In fact, Ramboll was completely wrong because, nine months later, the impossible occurred. Due to, of all things, the falsification of the carbon content tests of some of the elements in the boilers, around 20 nuclear plants had to be shut down for inspection. This was critical because an unacceptable carbon content could lead to cracks that, in extreme circumstances, could become catastrophic. The chances of that happening would still be low but certainly no longer zero.

Several months later we are not any wiser, nor have we any idea of what may lie ahead for these nuclear plants. Silence, or news with expectations of normalcy next month, are clearly insufficient. Although this is not on the scale of  Fukushima, the nuclear business will not be irrevocably the same. And nuclear plants do not look so hot now in spite of their zero carbon emissions. The German decision to shut their plants down in a few years appears to be unexpectedly wise.
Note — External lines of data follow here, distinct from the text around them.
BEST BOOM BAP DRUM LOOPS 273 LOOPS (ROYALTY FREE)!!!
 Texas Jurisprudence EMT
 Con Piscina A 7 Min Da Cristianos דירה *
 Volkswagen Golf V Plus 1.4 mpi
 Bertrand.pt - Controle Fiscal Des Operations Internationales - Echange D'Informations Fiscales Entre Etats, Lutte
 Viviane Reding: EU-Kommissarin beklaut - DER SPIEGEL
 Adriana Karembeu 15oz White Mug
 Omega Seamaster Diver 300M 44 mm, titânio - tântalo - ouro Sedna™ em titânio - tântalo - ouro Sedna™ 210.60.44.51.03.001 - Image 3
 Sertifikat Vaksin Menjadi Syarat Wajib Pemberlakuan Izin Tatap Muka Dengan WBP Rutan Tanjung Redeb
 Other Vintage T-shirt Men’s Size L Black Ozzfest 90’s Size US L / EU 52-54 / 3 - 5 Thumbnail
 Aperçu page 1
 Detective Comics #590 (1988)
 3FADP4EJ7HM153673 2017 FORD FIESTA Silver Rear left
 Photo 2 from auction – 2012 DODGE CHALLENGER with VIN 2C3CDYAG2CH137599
We have a real problem. Suddenly, the electricity flow between France and Spain had to be reversed. The incident generated an extreme  gas demand on both sides of the Pyrenees and its suppliers enjoyed the highest gas prices in the world for a while. Gas customers were left fuming at being summarily abandoned. Power prices followed suit and then things started to get ugly, politically speaking.

The whole thing exploded in the Spanish political arena. The needs of electricity for poor people and the middle class, were mixed in with a multitude of problems, namely: a delivery outage from Algeria, an insufficient number of LNG contracts, the questioning of the electricity auctioning price setting process, the nationalisation of energy companies, and lastly, copious amounts of misinformation and demagoguery.

Everyone had a different solution, but when you think about it, a big pipe connected to the central EU hubs would have avoided the  problem. It was, and is, that simple.

(Credit: GasIndustrial)

The natural route for this connection is through France, of which MidCat, now called STEP, is the obvious shortcut. But this pipe aggravates the French regulator CRE, which inexplicably forgot to unite the north to the south of France with sufficient capacity. They now plan to make Spain pay for the pipeline they forgot to build. Perhaps the Iberian peninsula should explore a sea connection between Barcelona and Sicily, or Bilbao to Rotterdam or Zeebbrugge. It will be faster and the way things are going, possibly even cheaper.

Unfortunately, we will have to wait for yet another study on the subject which is due before summer. This time by the prestigious Poyry Group which will once more, enlighten us on the virtues and evils of the connection.

Even 30 years after having joined the EU, for the 47 million inhabitants of the Iberian peninsula, the "Energy Union" continues to be nothing more than a pipe dream.